What to do → None of the pictures should appear; the lines from the line containing "Government refuses to" through the last line of the listing must be repeated exactly.

The data →
+---+
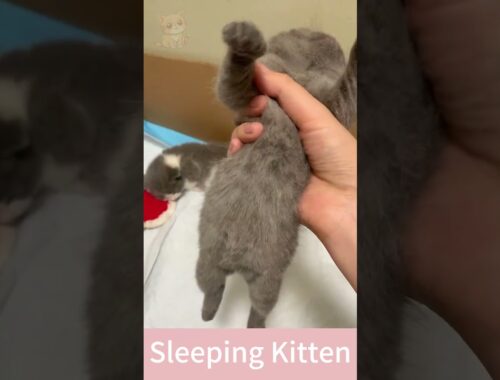 Which Kitten Do You Like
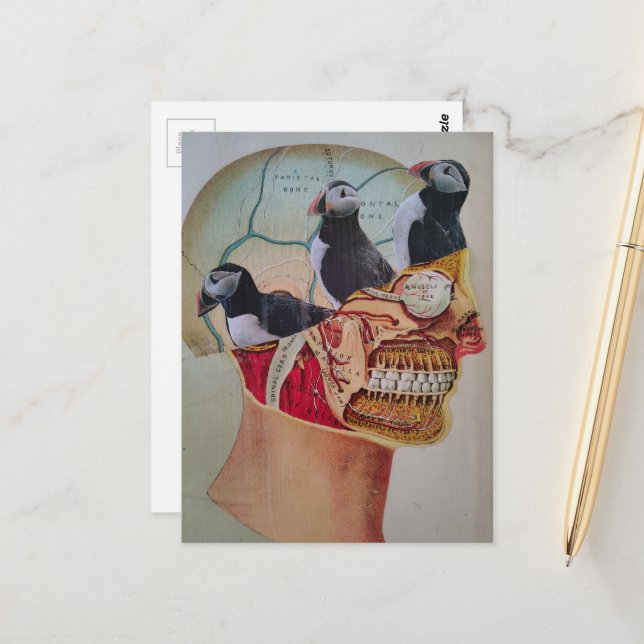 Postal Puffins on the Brain Surreal mixed media collage  (Anverso/Reverso In Situ)
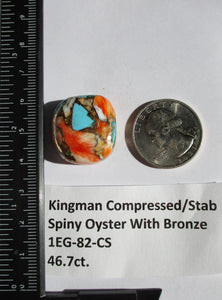 46.7 ct. (23.5x22x9.5 mm) Pressed/Stabilized Kingman Spiny Oyster Turquoise Cabochon, Gemstone, 1EG 82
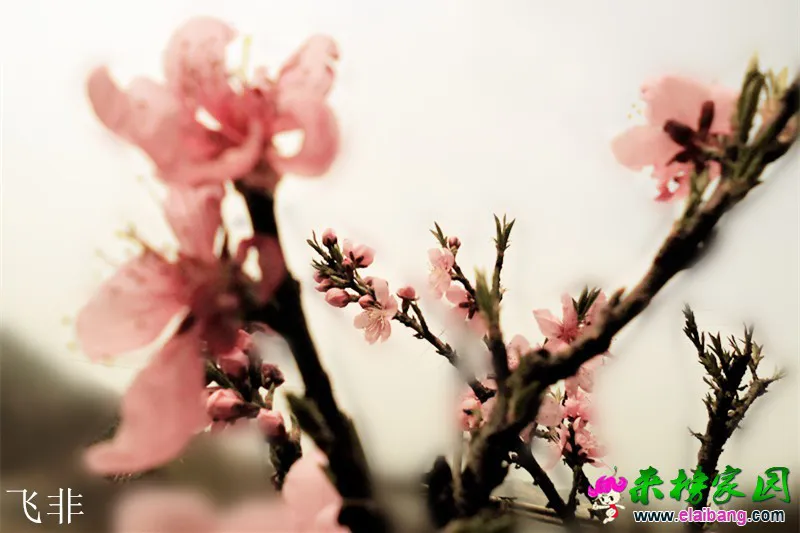002桃花.webp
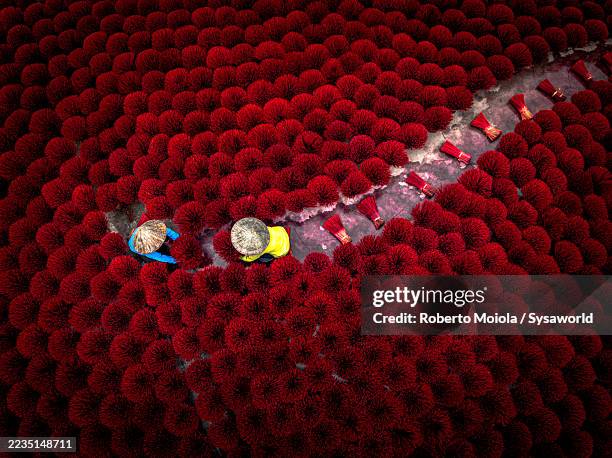 women arranging incense sticks to dry - traditional vietnam stock pictures, royalty-free photos & images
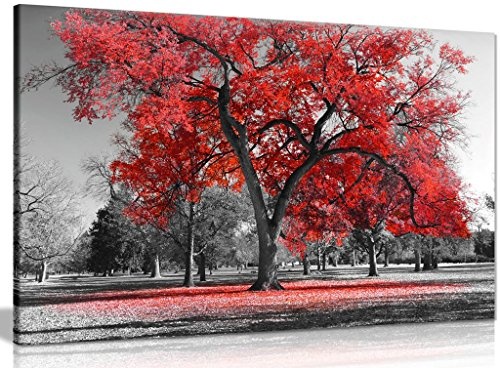 Großer Baum, Schwarz-Weiß, rote Blätter, Natur, Bild auf Leinwand, Kunstdruck, schwarz / rot / weiß, A1 76x51 cm (30x20in)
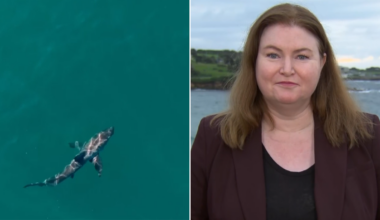 Government refuses to rule out shark cull amid calls for drone patrols after Coogee attack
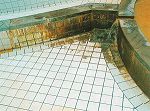 クリーピングA散布後2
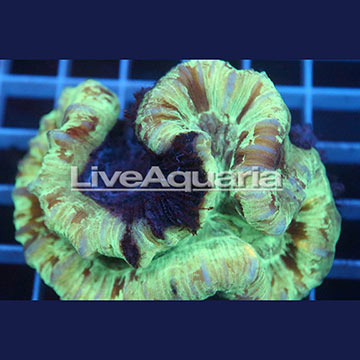 Open Brain Coral Solomon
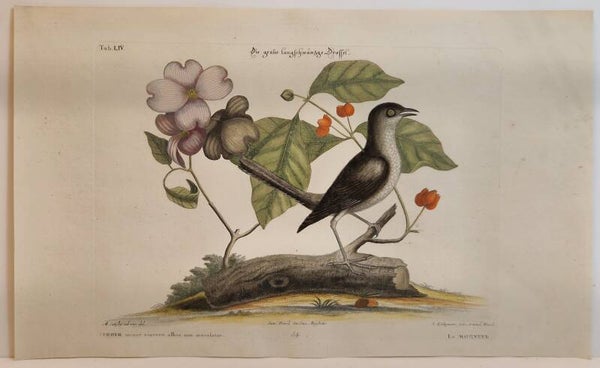 Die graue Lanschwänzige Drossel. Seligmann 1770.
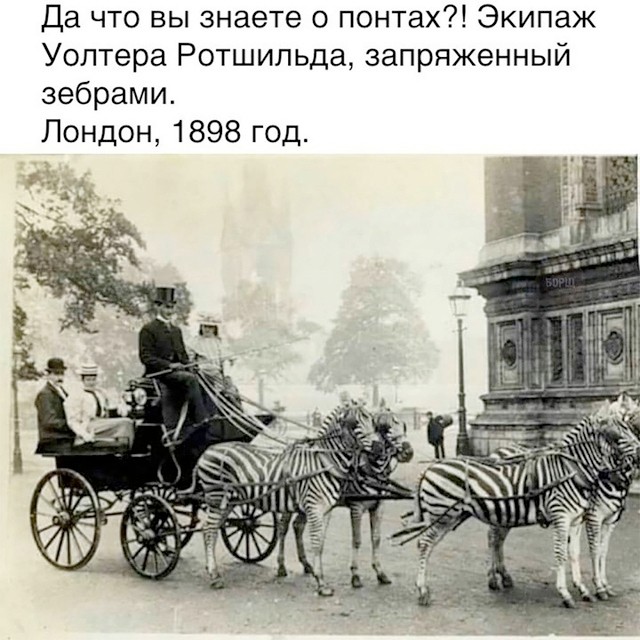 Картинки для деградации 202 (разной степени свежести)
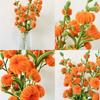 Colorful Pipe Cleaners, Bright Colors Chenille Stems for Crafts, DIY Flowers Twistable Pipe Cleaners, Creative Projects for Kids And Adults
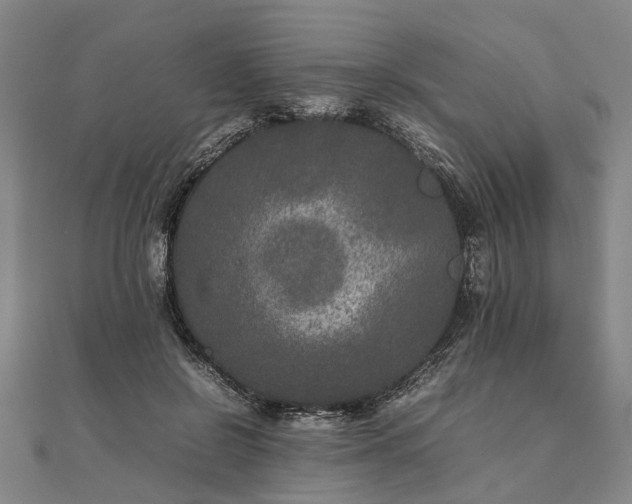 X0000111840550200907301052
+---+
Reply →
 Government refuses to rule out shark cull amid calls for drone patrols after Coogee attack
 クリーピングA散布後2
 Open Brain Coral Solomon
 Die graue Lanschwänzige Drossel. Seligmann 1770.
 Картинки для деградации 202 (разной степени свежести)
 Colorful Pipe Cleaners, Bright Colors Chenille Stems for Crafts, DIY Flowers Twistable Pipe Cleaners, Creative Projects for Kids And Adults
 X0000111840550200907301052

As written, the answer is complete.